Capital flight from Russia, the world’s largest energy exporter, is caused in part by high oil prices, Finance Minister Alexei Kudrin said.
“The first reason for our outflows is the high price of oil,” Kudrin told reporters late yesterday in Washington. Companies can’t “reliably invest” all their earnings on the domestic market.
Russia’s economy slowed in the first half of the year even as Urals crude, the country’s main export blend, advanced 19 percent. Net private capital outflows over the period reached $31.2 billion, according to preliminary central bank data. Most of the cash leaving Russia is “hot money” from speculators, Deputy Finance Minister Sergei Storchak said Sept. 22.
Total net private capital outflows this year may top $35 billion “if there’s even more of a crisis situation,” Kudrin said. After oil, the next leading cause is the shrinking current account balance, which leads to expectations that the ruble will weaken, Kudrin said. That, in turn, pushes investors to dump assets priced in the Russian currency, he said.
“I’d only put in third place the overall risks, including political risks, that exist until the elections pass and new policy is determined,” he said.

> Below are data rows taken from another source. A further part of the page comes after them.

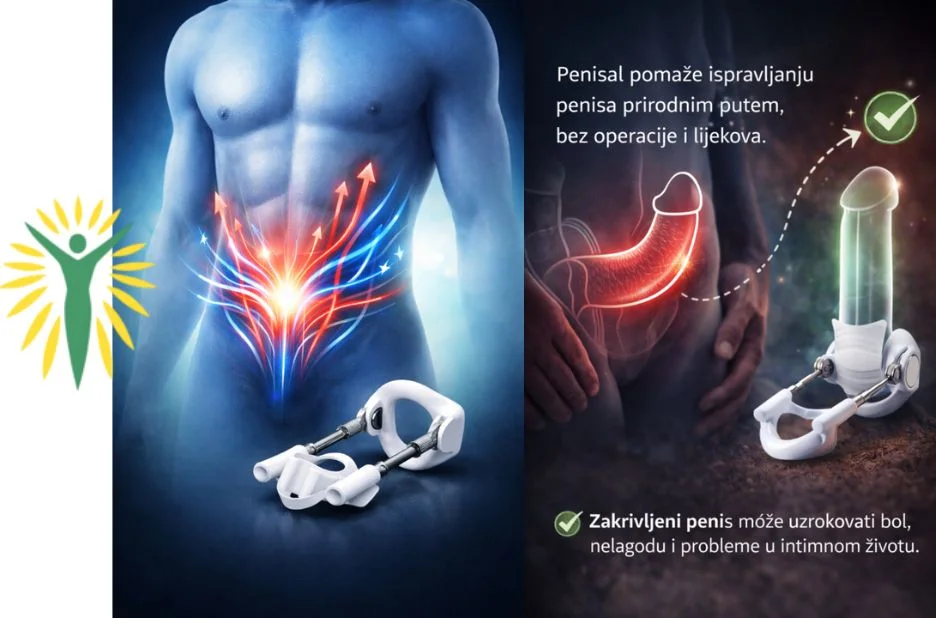 Pejronijeva bolest: simptomi, uzroci i učinkovite metode liječenja bez operacije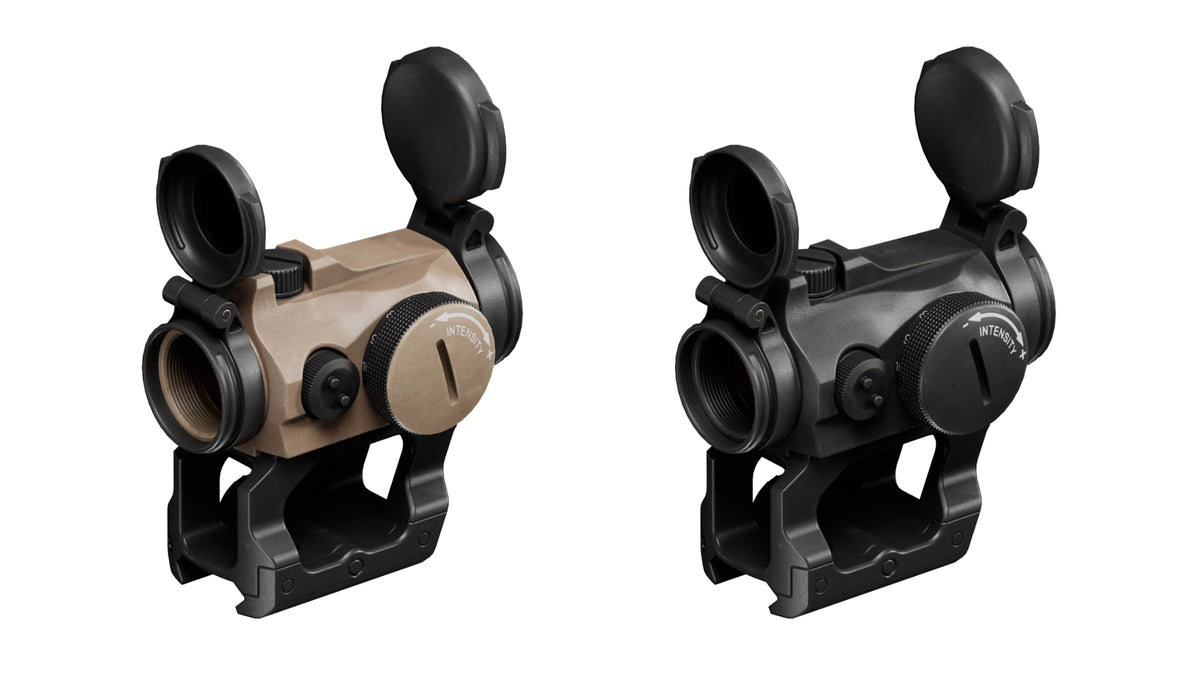 AIMPOINT MICRO T2 RED DOT SIGHT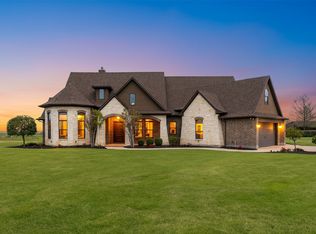 2023 Twin Creeks Cir, Pilot Point, TX 76258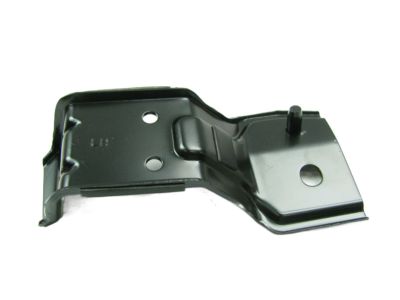 Kia 865171U300 Bracket-Front Bumper Side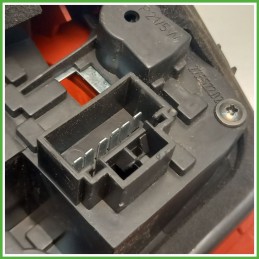 Fanale Fanalino Posteriore Destro DX FIAT MULTIPLA 1F 51720552 Usato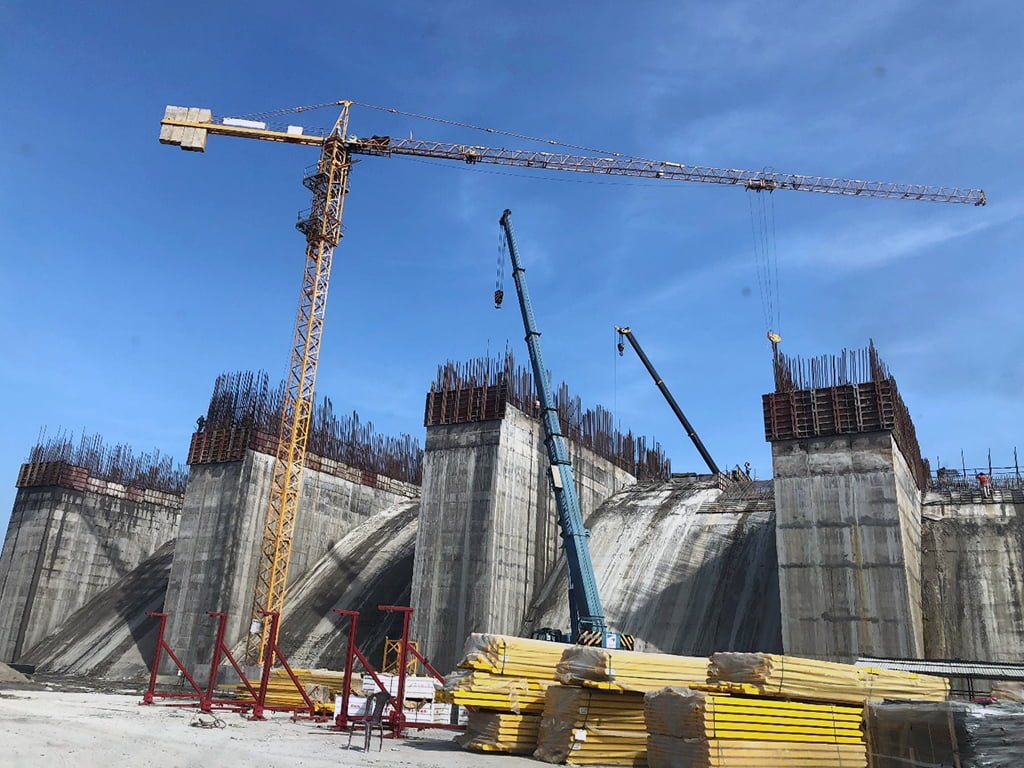 Building Construction Image 2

Prime Minister Vladimir Putin today told the ruling United Russia he’ll run for president again in March, ending speculation over whether his protégé, President Dmitry Medvedev, would seek a second term. The news may be taken “negatively” by international investors when the markets open again on Monday, Ivan Tchakarov, the Moscow-based chief economist at Renaissance Capital, said by phone today.
“The market will be initially disappointed -- there’s a very simplified view that Medvedev represents reform and Putin conservatism,” Roland Nash, chief investment strategist at Moscow-based hedge fund Verno Capital, said by phone. “After the initial disappointment, though, the market will focus on the fact that we’re going to see at least six years, if not 12, of political stability, and a more liberal prime minister.”
Kudrin said he stood by his forecast last year that oil may fall to $60 a barrel within the next three years. Crude may still drop to that level for a period within the next one-and-a-half to two years, he said.
“It was exactly the risks that we have now that I had in mind,” Kudrin said. “The economic model that created these imbalances haven’t changed. Fundamentally, they weren’t resolved by the crisis.”
The government is standing by its plan to sell off state assets and is waiting for better market conditions, Kudrin said.
“We don’t have any fundamental changes,” he said. “We’re waiting for better markets, so apparently some assets will be sold later.”
Bank Rossii, which holds a controlling stake in OAO Sberbank, Russia’s largest lender, must decide for itself whether to delay a stake sale planned for 2011, Kudrin said.
“As far as I know, we’re waiting on the market,” he said. The sales will be “a bit less than we planned for this year. Next year is still all in place.”